WORK REQUEST:
Only the lines below from the one containing "Hey guys, this" through the one containing "Now, what you" belong in the answer, repeated exactly and without pictures.

EXTRACTED RECORDS:
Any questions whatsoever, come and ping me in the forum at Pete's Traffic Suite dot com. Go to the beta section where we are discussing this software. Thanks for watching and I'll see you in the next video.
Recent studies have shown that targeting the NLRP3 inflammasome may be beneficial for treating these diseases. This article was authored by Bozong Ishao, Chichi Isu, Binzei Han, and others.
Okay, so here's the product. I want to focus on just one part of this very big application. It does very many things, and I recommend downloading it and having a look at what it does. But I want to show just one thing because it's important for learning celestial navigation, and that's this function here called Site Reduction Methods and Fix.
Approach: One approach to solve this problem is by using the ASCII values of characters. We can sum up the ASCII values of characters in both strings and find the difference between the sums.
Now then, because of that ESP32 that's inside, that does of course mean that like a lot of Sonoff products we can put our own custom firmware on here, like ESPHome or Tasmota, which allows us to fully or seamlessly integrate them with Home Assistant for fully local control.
---
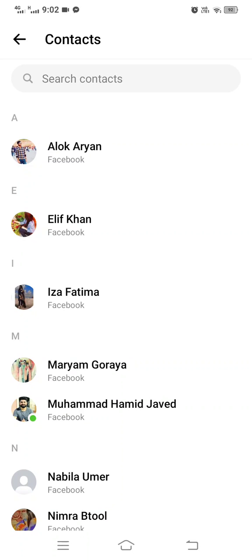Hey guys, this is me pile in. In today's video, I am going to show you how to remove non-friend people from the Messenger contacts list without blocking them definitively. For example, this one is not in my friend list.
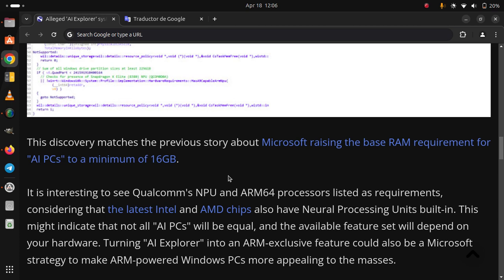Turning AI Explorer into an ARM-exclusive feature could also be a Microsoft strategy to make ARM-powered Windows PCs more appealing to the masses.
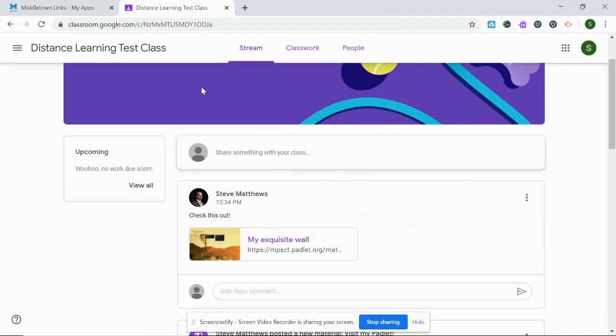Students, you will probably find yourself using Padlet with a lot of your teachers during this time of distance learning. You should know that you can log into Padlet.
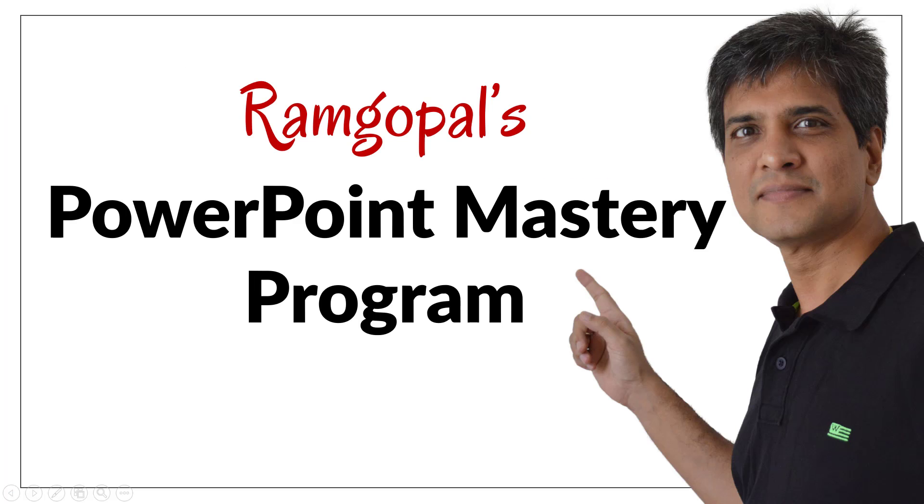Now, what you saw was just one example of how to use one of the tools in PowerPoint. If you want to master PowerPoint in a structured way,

EXERCISE RESULT:
Hey guys, this is me pile in. In today's video, I am going to show you how to remove non-friend people from the Messenger contacts list without blocking them definitively. For example, this one is not in my friend list.
Turning AI Explorer into an ARM-exclusive feature could also be a Microsoft strategy to make ARM-powered Windows PCs more appealing to the masses.
Students, you will probably find yourself using Padlet with a lot of your teachers during this time of distance learning. You should know that you can log into Padlet.
Now, what you saw was just one example of how to use one of the tools in PowerPoint. If you want to master PowerPoint in a structured way,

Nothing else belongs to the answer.